The Obama Admininstration has submitted its response (available here ) to the lawsuit that the Becket Fund filed on behalf of Belmont Abbey College in the matter of the contraceptive mandate. In essence, the Administration argues that the issues raised in the suit are not yet ripe for adjudication because (1) there is no allegation that the college’s health plan will not or cannot be grandfathered (and hence exempt from the regulation), (2) there is a safe harbor for all non-exempt plans until August 1, 2013, and (3) the Admininstration has not yet issued its final regulations. Because there is no imminent harm, the plaintiffs lack the standing to sue.
The folks at the Becket Fund have a rejoinder for the court of public opinion:
On Thursday, the Obama administration filed its first legal response to Belmont Abbey Colleges lawsuit challenging the controversial contraception mandate. This was its first opportunity to explain to the court and the country why the mandate is not illegal and unconstitutional.
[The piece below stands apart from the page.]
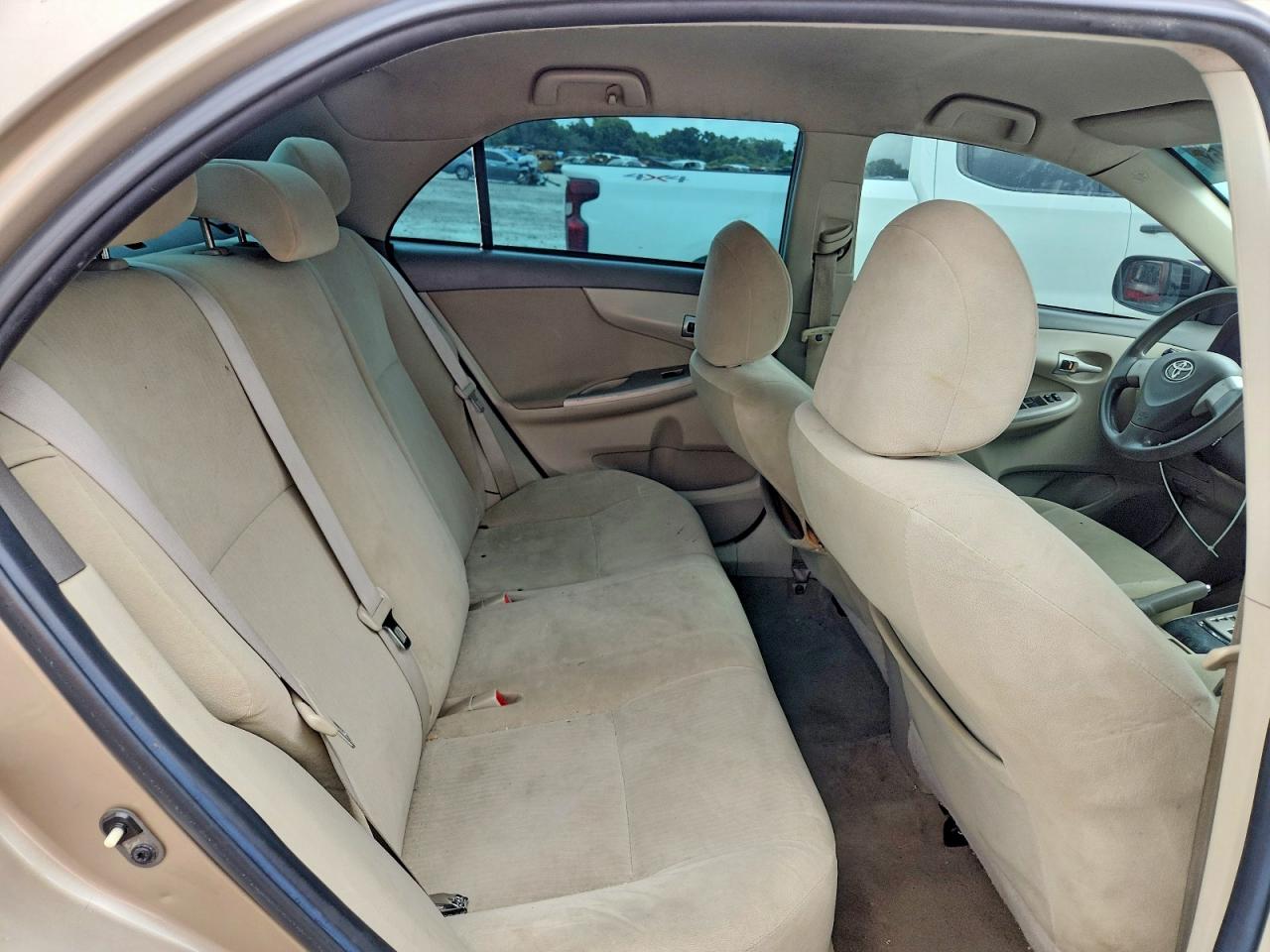 2010 TOYOTA COROLLA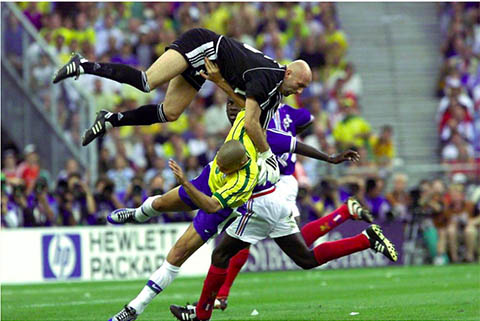 Bức ảnh nổi tiếng giữa thủ thành Barthez và Ronaldo tại World Cup 1998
So what did the administration say? Not that the mandate is legal; not that the mandate is constitutional. Instead, it asked the court to duck the key issues because the administration has indicated that they will propose and finalize changes to the regulations at some unspecified date in the future.
Apparently, the administration has decided that the mandate, as written and finalized, is constitutionally indefensible, said Hannah Smith, senior counsel at The Becket Fund for Religious Liberty, which represents Belmont Abbey College. Its only hope is to ask the court to look the other way based on an empty promise to possibly change the rules in the future.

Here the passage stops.